The inspiration for an informal alliance to better engage bioethicists at Manhattan's academic medical centers began over a casual lunch between Weill Cornell's Joseph J. Fins and NYU's Art Caplan, two leading bioethicists. Their conversation resulted in the founding of the East River Bioethics Club.
|Dr. Daniel Callahan, left, Dr. Joseph J. Fins, center, and Dr. Art Caplan, right, during the East River Bioethics Club meeting
All photos: Amelia Panico
Dr. Fins, the E. William Davis Jr., M.D. Professor of Medical Ethics, chief of the Division of Medical Ethics, professor of medicine, professor of public health and professor of medicine in psychiatry at Weill Cornell Medical College, and Dr. Caplan, director of the Division of Medical Ethics at NYU Langone Medical Center, hope the East River Bioethics Club will create a different sort of forum for bioethics talk in the city, that allows for the sharing of new ideas and best practices with bioethicists from their two institutions and others in New York.
"Bioethics is still a small field, and it's a field of discourse," Dr. Fins said. "We just want to widen the circle of people who are in the conversation by bringing people together from the city to share their speakers, to share their insights and share their experiences to move the field forward."
"The formation of the East River Bioethics Club represents precisely the kind of collaboration essential for the best work in bioethics and for the New York region to emerge as an internationally recognized hub for bioethical inquiry and research," Dr. Caplan said. "Dr. Fins and I will not only leverage more impact from our programs but we hope to take advantage of many other opportunities to encourage students and faculty at the institutions to collaborate."
The East River Bioethics Club hosted its inaugural meeting this winter at the Weill Auditorium at Weill Cornell. The program featured a discussion with Dr. Daniel Callahan, president emeritus of the Hastings Center, an independent, nonpartisan and nonprofit bioethics research institute which he founded in 1969. Both Dr. Caplan and Dr. Fins had worked for Dr. Callahan at the Hastings Center and both were influenced by his mentorship.
|Dr. Caplan, Dr. Callahan and Dr. Fins|
Dr. Callahan helped create the field of bioethics more than 40 years ago by using his training in philosophy to grapple with ethical problems in biology and medicine. He spent his career focusing on issues that had real-world implications, always striving to make sophisticated philosophical arguments accessible to a wide audience.
During his visit, Dr. Callahan discussed his recently released memoir, "In Search of the Good: A Life in Bioethics," with Dr. Fins and Dr. Caplan asking him about the origins of the Hastings Center and the future of bioethics.

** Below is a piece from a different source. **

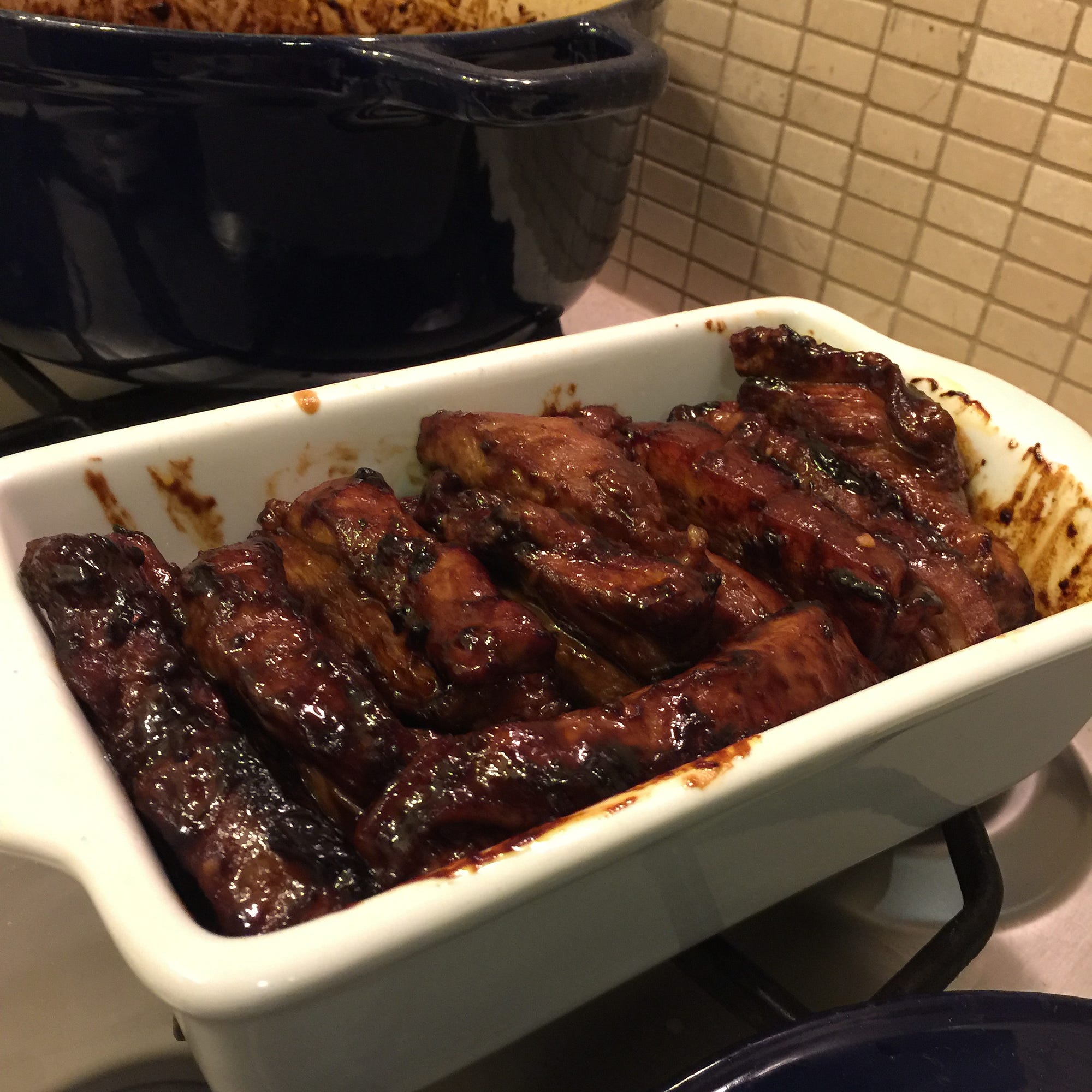 Ever made real Australian BBQ Ribs on Australia Day?
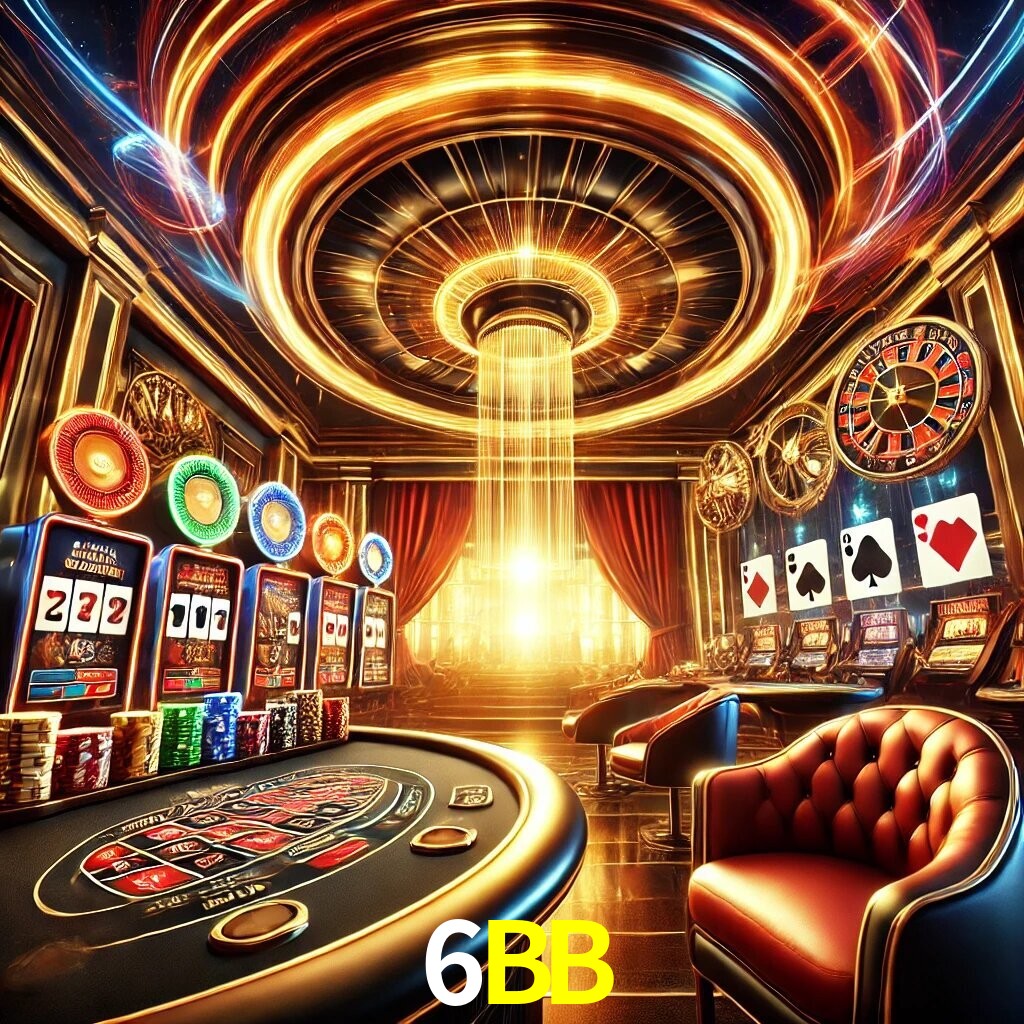 Por Que Escolher o Cassino do 6BB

"Dan has been personally a friend and mentor for 25 years now, and he really is an iconic figure in American bioethics," said Dr. Fins, who is currently a board member at the Hastings Center.
"Anytime you get to spend time with Dan Callahan is an opportunity to get a better sense of our history," Dr. Fins continued. "His thinking about how we die, how we spend health care resources, how we think about technology in the medical marketplace has always been at the vanguard of social trends. He both anticipates where we are going and shapes the evolution of our thinking."
Weill Cornell and NYU are the founding members of the East River Bioethics Club, which has already expanded to include the Visiting Nurse Service of New York, Hospital for Special Surgery and Memorial Sloan-Kettering Cancer Center. The group, which is currently planning future meetings, is looking to broaden its circle of friends.